Your instructions: Output the lines of the entries below beginning at the one with "Muffins mit Spinat, Süßkartoffeln und Käse" and ending with the last, exactly as written and without pictures.

Raw data:
########################################

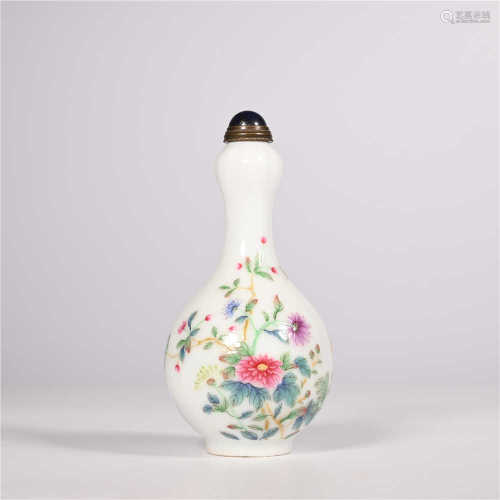 Qing Dynasty Yongzheng pink flower pattern snuff bottle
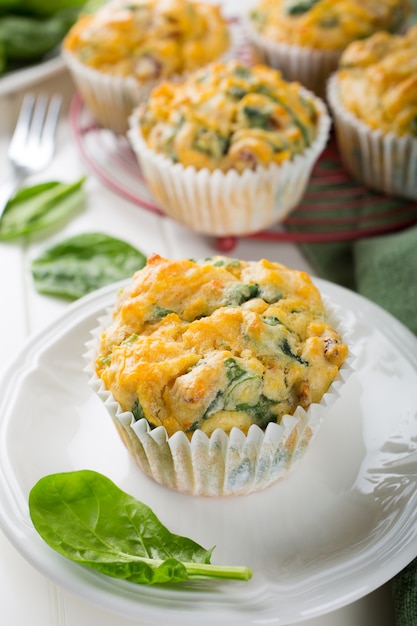 Muffins mit Spinat, Süßkartoffeln und Käse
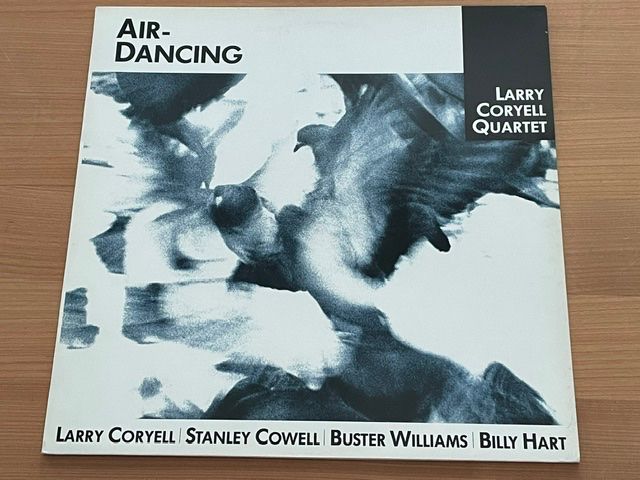 Dischi in vinile: LARRY CORYELL QUARTET: AIR-DANCING - JAZZ-POINT – Nuovo (secondo la descrizione) da Fahrwangen venduto da Swirl2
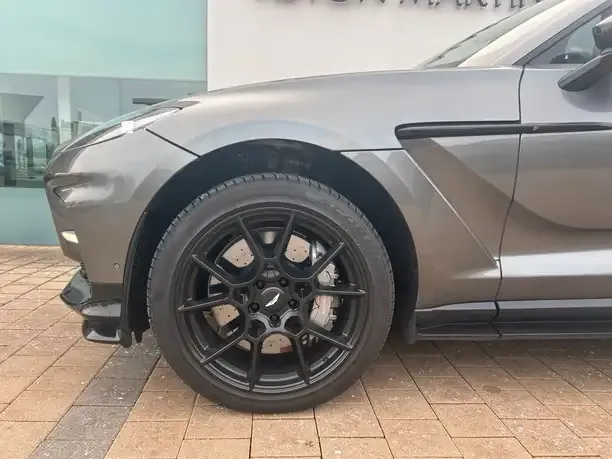 Aston Martin DBX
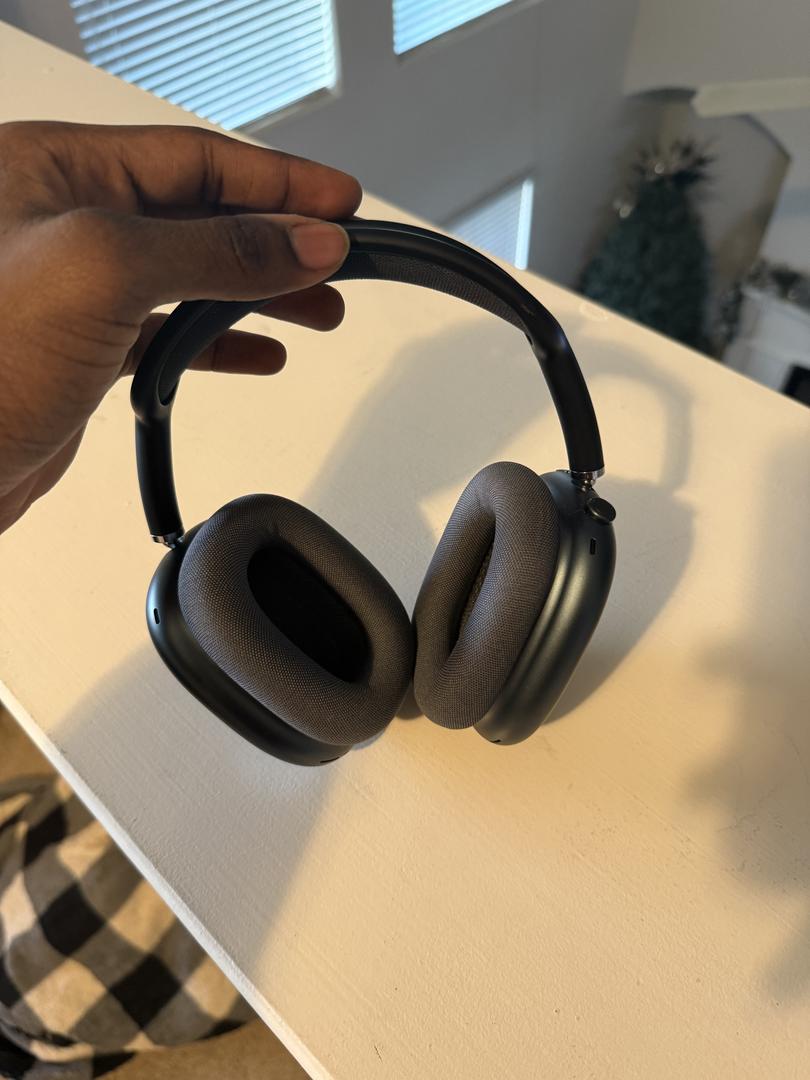 Apple AirPods Max USB-C - Midnight - LZBV24549 - Swappa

########################################

Task solution:
 Muffins mit Spinat, Süßkartoffeln und Käse
 Dischi in vinile: LARRY CORYELL QUARTET: AIR-DANCING - JAZZ-POINT – Nuovo (secondo la descrizione) da Fahrwangen venduto da Swirl2
 Aston Martin DBX
 Apple AirPods Max USB-C - Midnight - LZBV24549 - Swappa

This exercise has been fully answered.